» What is being asked
Across all entries below, how many lines include "colored"? Answer with the number alone.

» Supplied records

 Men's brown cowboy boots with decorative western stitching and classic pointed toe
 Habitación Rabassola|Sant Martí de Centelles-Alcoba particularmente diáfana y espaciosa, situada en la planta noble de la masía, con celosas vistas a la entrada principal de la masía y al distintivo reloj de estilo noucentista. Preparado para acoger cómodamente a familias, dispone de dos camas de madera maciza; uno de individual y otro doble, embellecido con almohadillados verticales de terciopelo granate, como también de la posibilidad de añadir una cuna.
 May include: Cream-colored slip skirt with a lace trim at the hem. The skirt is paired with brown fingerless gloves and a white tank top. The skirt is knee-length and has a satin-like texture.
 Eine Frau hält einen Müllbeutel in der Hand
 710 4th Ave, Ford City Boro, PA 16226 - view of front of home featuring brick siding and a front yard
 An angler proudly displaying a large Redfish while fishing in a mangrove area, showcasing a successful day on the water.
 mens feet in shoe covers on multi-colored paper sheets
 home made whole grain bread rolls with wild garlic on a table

==

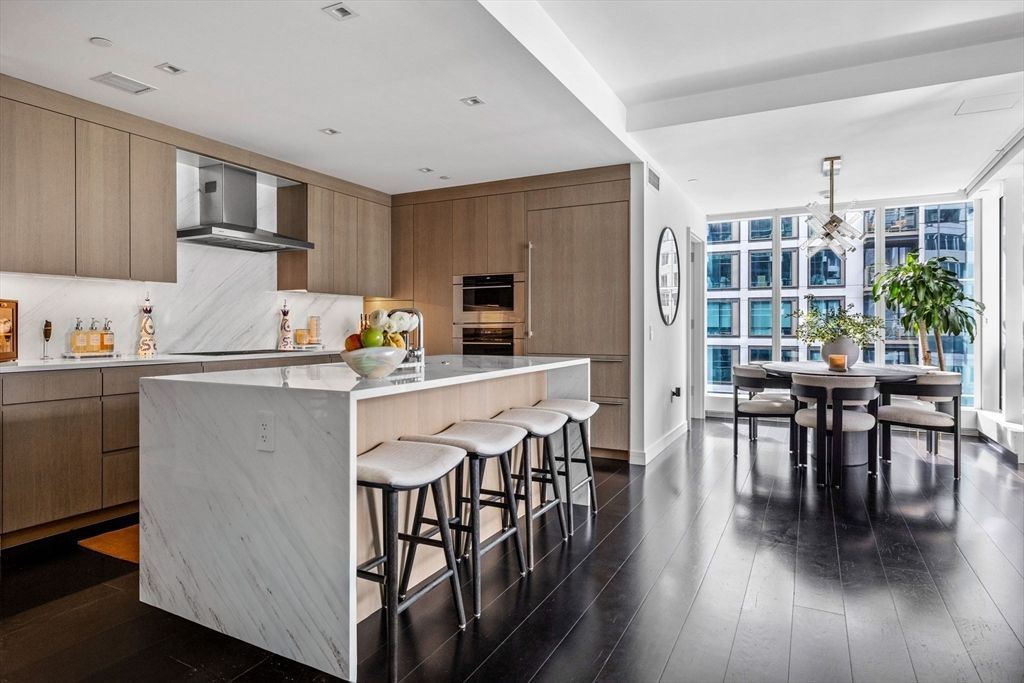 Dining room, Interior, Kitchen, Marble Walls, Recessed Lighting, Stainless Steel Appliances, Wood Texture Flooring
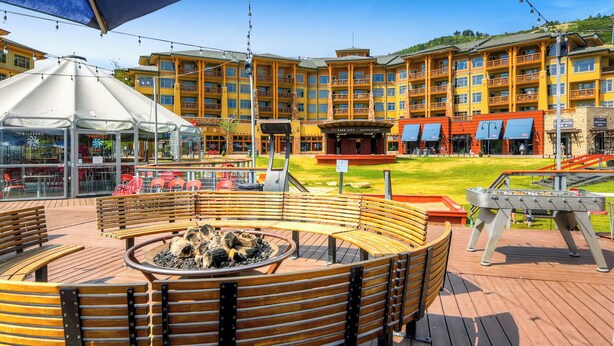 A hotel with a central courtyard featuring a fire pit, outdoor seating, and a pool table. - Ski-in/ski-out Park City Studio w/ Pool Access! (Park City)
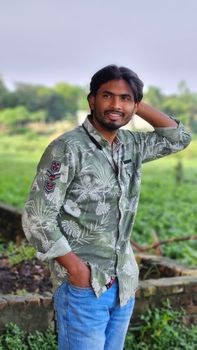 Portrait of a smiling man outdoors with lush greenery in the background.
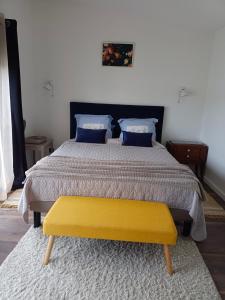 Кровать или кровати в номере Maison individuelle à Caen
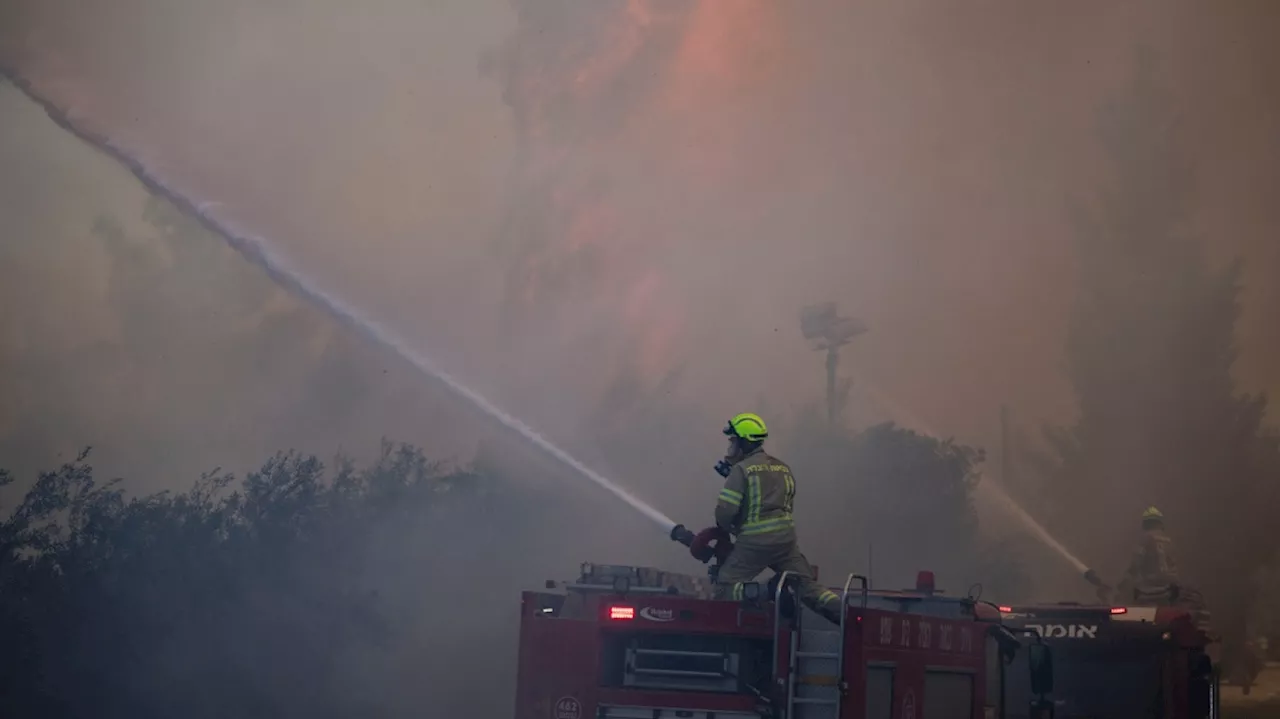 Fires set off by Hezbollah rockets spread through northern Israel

» The completed task
2